Only the pictures are to be left out; set down the rest of the records exactly.
((
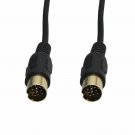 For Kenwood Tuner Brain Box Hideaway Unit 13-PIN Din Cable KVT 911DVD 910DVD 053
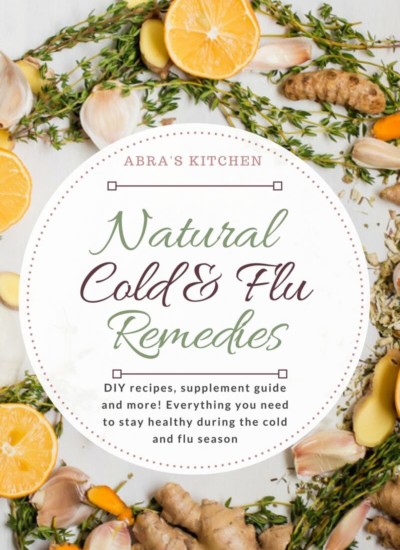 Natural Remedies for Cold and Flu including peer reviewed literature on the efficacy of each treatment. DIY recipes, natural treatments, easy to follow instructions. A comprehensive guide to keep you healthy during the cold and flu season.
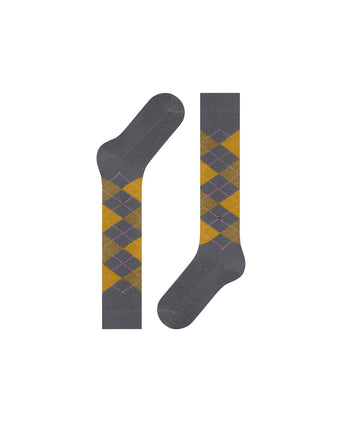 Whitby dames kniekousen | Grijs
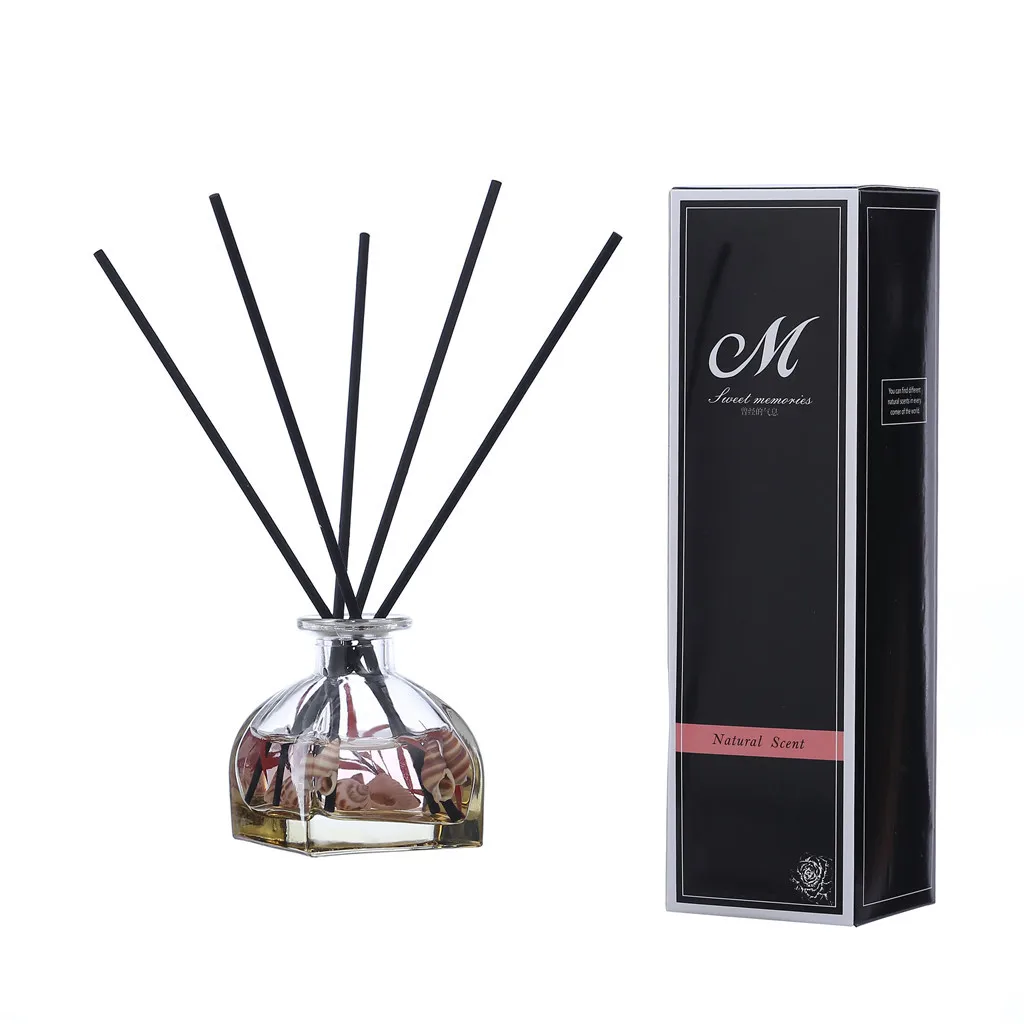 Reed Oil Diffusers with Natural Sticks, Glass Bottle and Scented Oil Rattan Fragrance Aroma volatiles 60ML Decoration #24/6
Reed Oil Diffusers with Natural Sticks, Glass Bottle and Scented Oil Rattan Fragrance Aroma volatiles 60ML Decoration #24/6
))
Task solution:
 For Kenwood Tuner Brain Box Hideaway Unit 13-PIN Din Cable KVT 911DVD 910DVD 053
 Natural Remedies for Cold and Flu including peer reviewed literature on the efficacy of each treatment. DIY recipes, natural treatments, easy to follow instructions. A comprehensive guide to keep you healthy during the cold and flu season.
 Whitby dames kniekousen | Grijs
 Reed Oil Diffusers with Natural Sticks, Glass Bottle and Scented Oil Rattan Fragrance Aroma volatiles 60ML Decoration #24/6
Reed Oil Diffusers with Natural Sticks, Glass Bottle and Scented Oil Rattan Fragrance Aroma volatiles 60ML Decoration #24/6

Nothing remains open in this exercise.